Officials and Indian leaders say the granting of the territories to native peoples is almost sure to slow, if not stop, destructive colonization of the Amazon region by Ecuador's mestizo population. In other regions of once- virgin rain forest, the government has all but ignored the original Indian inhabitants while promoting colonization by wood cutters, farmers, and cattle ranchers. The policy has contributed to the highest deforestation rate in South America, about 142,500 hectares (351,975 acres), or
2.4 percent of the total, each year.
"There is a mutual interest in preventing more damage and preserving the rain forest for the next generations," says government negotiator Diego Bonifaz. "The handing over of these territories to Indians supports the argument that there is not much land left in Ecuador to occupy."
But the agreement leaves another important environmental question unanswered. OPIP leaders had been demanding full autonomy in the region, including final say over whether or not petroleum development could proceed there.
Indians dropped the demand, they say, after realizing that it would have given government officials an excuse for withholding the land titles. The Indians, who have refused to leave Quito without the titles, also feared that including the complicated petroleum issue in the debate would have kept them sleeping under tents in a strange city for months. Already more than a score of campers are being attended by the Red Cross and several volunteer doctors after falling ill.
"We simply decided that the [land] titles are the only feasible objective at this point," OPIP president Alfredo Vargas says, adding that the Indians at least succeeded in convincing the government to give them communal title to traditional territories, rather than pieces of land in the names of individuals.
Mr. Bonifaz admits that the word "territory" is a new one in the official lexicon, but he stresses that it in no way signifies an end to state authority in Pastaza, especially in the area of petroleum development.
"The state is the owner of the subsoil, period," he says.
Oil industry officials and analysts, however, say they fear the government and the Indians have simply decided to postpone the inevitable conflict over new petroleum exploration and drilling, vital for maintaining the nation's proven reserves at slightly under 1.5 billion barrels.
Indeed OPIP is so serious about elaborating its own environmental program for Pastaza that it is planning to send six Indian leaders to the University of California at Berkeley in September to study land management and ecology.
"The minute we get the land, the government is going to have to begin taking our point of view into account" says Leonardo Viteri, an OPIP leader. "The battle over Pastaza's future has just begun."

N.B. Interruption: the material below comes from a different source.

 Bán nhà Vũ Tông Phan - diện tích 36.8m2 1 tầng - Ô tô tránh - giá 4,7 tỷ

Such statements cause petroleum executives and analysts to worry that they will never be welcome in Pastaza even if they promise to use the most environmentally sound drilling methods. Last month the Atlantic Richfield Company announced the discovery of 164 million barrels of oil in the region, and many analysts say the field can be exploited with minimum damage to the rain forest.

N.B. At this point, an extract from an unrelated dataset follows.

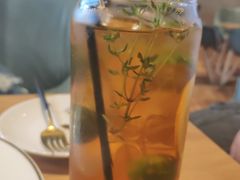 -ZING COFFEE 镜咖啡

"All efforts to address environmental concerns are unlikely to convince Indians who have never seen the land as something to be developed," says Nancy Jervis, a Quito petroleum analyst. "The minute oil companies try to go into Pastaza there will be another uprising." The last national protest by Indians in June 1990 shook the country into a new awareness of the problems of native peoples, who account for about 30 percent of the total population of 10 million.
Most Ecuadorans, even those working in the petroleum sector, give the Indians credit for placing their concerns on the national agenda.
OPIP leaders are also apparently learning to listen to other points of view. When the organization began the march, leaders were demanding a moratorium on petroleum exploration and drilling in the Amazon. Now they say they would allow such activity under the strictist environmental regulations, including reducing the number of roads built through the rain forest by petroleum companies. Such roads are often used by invading colonists.
At least some Ecuadorans say the Indians' more flexible attitude represents not a clever guise to grab land, but the growing maturity of a people who will help decide the fate of Ecuador's rain forest.